This is the homepage for Whim, a command-line utility for sending, receiving, and working with webmentions.
Notable features include:
Listen for webmentions at port 3000, and store any that arrive:
$ whim listen start
Verify recently arrived webmentions:
$ whim verify
See summaries of received, valid webmentions:
$ whim query --after=2020-01-01
$ whim query --target=my-site.example.com/some/article
Block a domain from further consideration:
$ whim query --block=trollface.example
Send one webmention, with a my-site.example.com
source and an another-site.example
target:
$ whim send https://my-site.example.com/some/article \
https://another-site.example/target/article
Send webmentions to all valid targets found in a page’s content:
$ whim send https://my-site.example.com/some/article
For information about obtaining and installing Whim, see its GitHub page.
Whim should work on any Unix-based computer, including Linux and macOS, albeit with some assembly required at this early point in the project’s lifetime. (You may have to install some other free software packages, as indicated in Whim’s installation instructions.)
Besides listening for incoming webmentions, Whim can also display, as HTML, all verified webmentions whose source matches the given URL. You can then use simple JavaScript techniques to embed this on a page as a comments-and-reactions section.
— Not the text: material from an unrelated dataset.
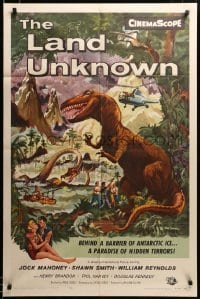 2z069 LAND UNKNOWN 1sh '57 a paradise of hidden terrors, great art of dinosaurs by Ken Sawyer!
You can find a live example at the bottom of this page, displaying real webmentions that this page has received. You can also send new webmentions targeting this page (at https://jmac.org/whim/
), where a Whim instance that I run will receive and – after a few minutes – process them for subsequent display.
You can contact me my email, or join the #whim
channel on Libera Chat, where I am jmac
. I’m always happy to discuss this project.
I presented a lightning talk about Whim and Webmention at The Perl Conference 2020. Here are the slides, with my presenter notes, as a PDF.